Enfin le père Antoine tira la carriole d’une grange, enfila son bourriquet dans les brancards et ils arrivèrent, en clopinant, au château de Lourps.

— J’ai monté le chat en haut dans une chambre ; je lui ai laissé le jupon pour qu’il n’ait pas froid et de l’eau à boire, s’il avait soif. J’aime mieux qu’il meure ainsi que de le savoir assommé par Norine avec une trique, dit Louise. Il ne souffre plus, du reste, il ne m’a même pas reconnue, le pauvre mimi, il est tout roide !

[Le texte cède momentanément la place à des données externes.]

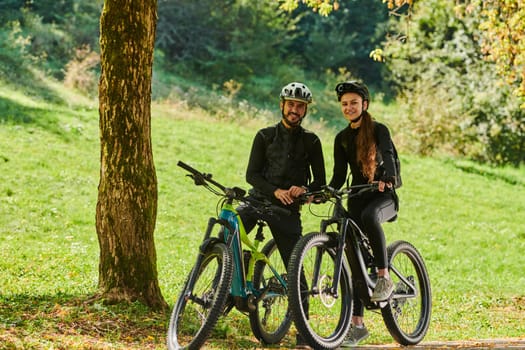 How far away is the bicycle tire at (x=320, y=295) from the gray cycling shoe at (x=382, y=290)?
1.10 ft

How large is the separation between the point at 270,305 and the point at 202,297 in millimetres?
1100

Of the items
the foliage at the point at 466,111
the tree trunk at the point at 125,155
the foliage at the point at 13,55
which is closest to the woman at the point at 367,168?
the tree trunk at the point at 125,155

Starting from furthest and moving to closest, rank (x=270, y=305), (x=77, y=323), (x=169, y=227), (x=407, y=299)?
(x=169, y=227), (x=407, y=299), (x=77, y=323), (x=270, y=305)

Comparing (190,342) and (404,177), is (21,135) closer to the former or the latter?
(404,177)

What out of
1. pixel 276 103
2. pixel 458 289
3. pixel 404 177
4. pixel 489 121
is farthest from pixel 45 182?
pixel 276 103

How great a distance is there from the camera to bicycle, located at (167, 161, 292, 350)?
6.00 metres

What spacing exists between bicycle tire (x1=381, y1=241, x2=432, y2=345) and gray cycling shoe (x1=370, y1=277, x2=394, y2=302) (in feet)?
0.56

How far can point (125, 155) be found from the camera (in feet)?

— Allons, nous sommes prêts, cria l’oncle, en empilant dans la voiture les valises et les malles ; — alors, en route ! et ils cahotèrent, jetés les uns contre les autres, dans cette dure charrette dont les roues sautaient à chaque pierre.

Assis au fond, sur un tas de foin, Jacques examinait ces paysans qu’il espérait ne jamais revoir.

— Ils me consolent de quitter cette misérable rade où j’étais presque à l’abri, pensait-il, car, canailles pour canailles, je préfère tout de même en fréquenter de plus acérées, et de plus souples.

— Dis donc, mon neveu ?

— Quoi, ma tante ?

— Si t’avais, toi ou Louise, des vêtements qui te servent plus, on en ferait ici ses habits des dimanches !

— Ils en manquent ben des vieux vêtements ! dit l’oncle.

Jacques, harassé, promit tout ce qu’ils voulurent.

— Que nous penserons souvent à vous encore !

— Et nous donc !

— T’es comme qui dirait ma fille charnelle, reprit Norine, d’une voix éplorée, en regardant sa nièce.

Enfin ! voici la gare, murmura Jacques. Alors, après que les bagages furent descendus, les paysans ouvrirent les bras, baisèrent avec emportement Jacques et Louise sur les deux joues, en versant des larmes.

Puis quand les Parisiens furent installés dans le wagon, ils fouettèrent le baudet, et, après un silence, le père Antoine dit :

— J’entends ben, moi ; j’ai écouté qu’elle racontait à Jacques qu’elle laissait un jupon pour le chat qui crève.

— Cette bêtise !

— Oui-da, qu’elle l’a dit.

— Ah ben c’étant !

Et de peur que le chat n’abimât plus longtemps l’étoffe avec ses griffes ils se dirigèrent ventre à terre vers le château.